La vicenda in fondo è un po’ lo specchio del nostro capitalismo. Il gruppo Benetton è stato fondato nel 1965, pochi mesi dopo che un allenatore dell’Università dell’Oregon ha fondato la Nike. Entrambe le società furono grandi innovatrici nel settore dell’abbigliamento.

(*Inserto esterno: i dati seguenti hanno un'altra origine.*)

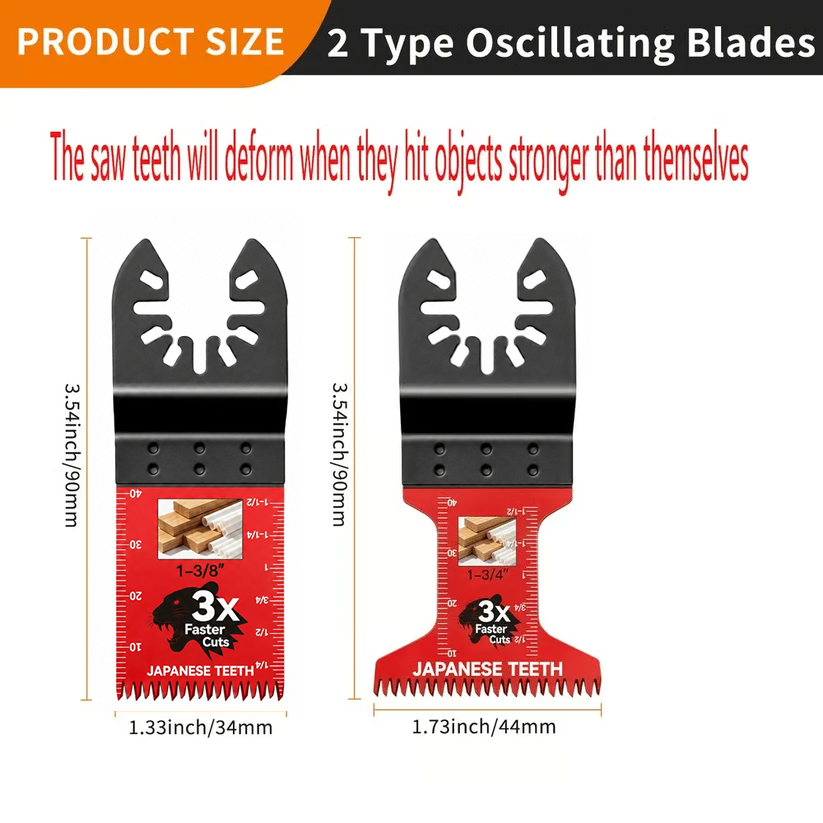 Japanese-Tooth Oscillating Saw Blades — Universal Fit, 10–50 Pcs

Nike si quota nel 1980, Benetton sei anni più tardi. Ma mentre la prima usa la quotazione per crescere nel suo business originale fino a diventare una multinazionale da 190 miliardi di euro, con i fondatori e manager che la controllano con appena il 3 per cento (in virtù delle loro capacità riconosciute dagli investitori), i Benetton hanno virato sul business delle concessioni dai ricchi cash flow, di cui mantengono il controllo con holding e debito; e la vecchia azienda di abbigliamento in difficoltà finanziarie viene ritirata dalla Borsa nel 2012 e oggi sopravvive come cimelio storico.
Anche negli Stati Uniti le aziende nascono a conduzione familiare; ma poi si quotano, privilegiando la crescita al controllo.

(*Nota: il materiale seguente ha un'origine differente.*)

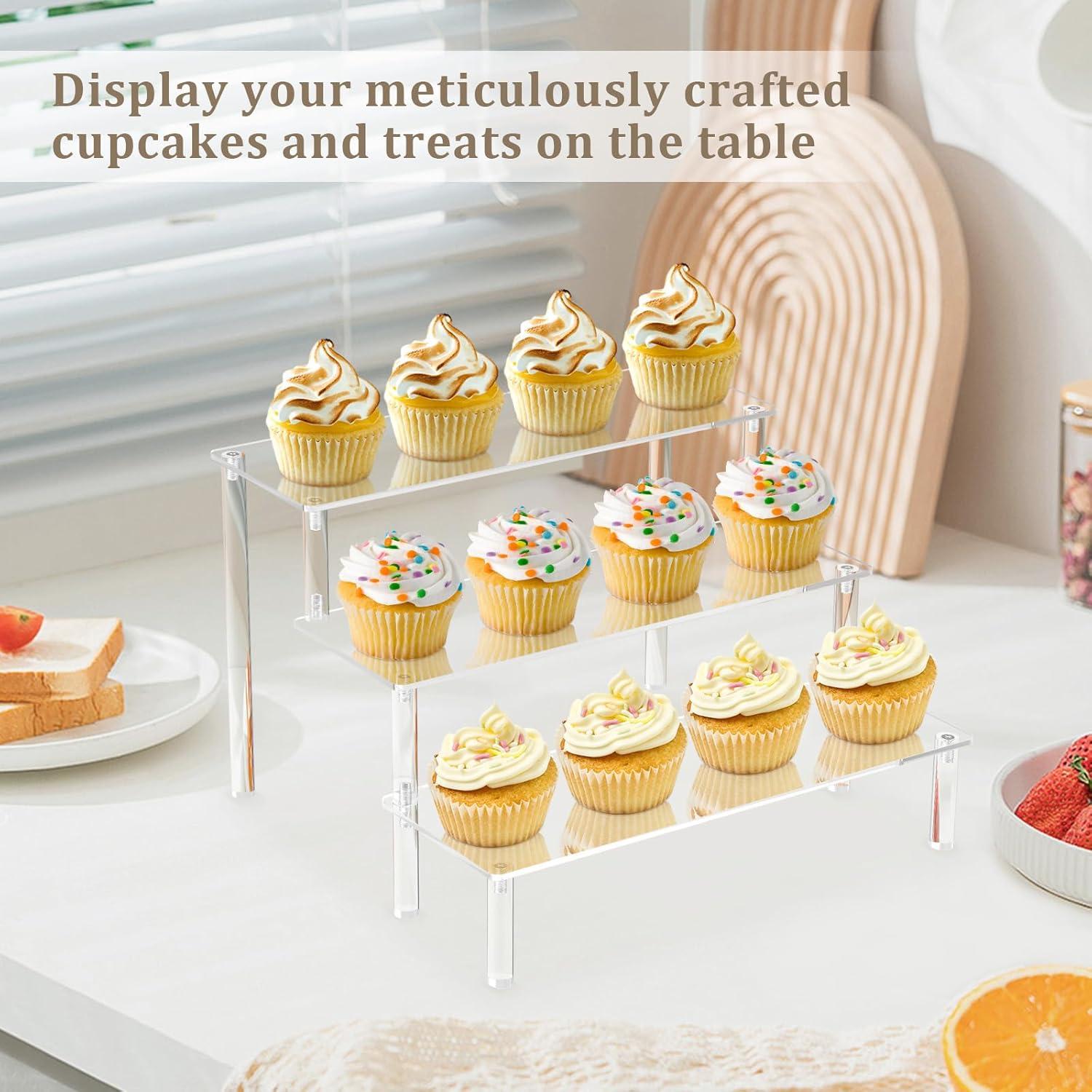 Clear Acrylic 3-Tier Display Risers for Organizing and Displaying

Ma sarebbe stato anche possibile quotarsi e crescere senza rinnegare il proprio dna, pur mantenendo il controllo. Proprio nel settore del fast fashion inventato dai Benetton, lo ha fatto Amancio Ortega Gaona che controlla Inditex (nota come Zara) col 59 per cento, da lui fondata nel 1963 e che oggi in Borsa vale 62 miliardi; o la svedese H&M, controllata col 45 per cento dal figlio del fondatore, Stefan Persson, costituita nel 1947, e che oggi vale 21 miliardi. Mentre Atlantia, anche dopo l’incasso dalla vendita di Aspi e l’offerta dei fondi, ne vale appena 18: ne valeva la pena?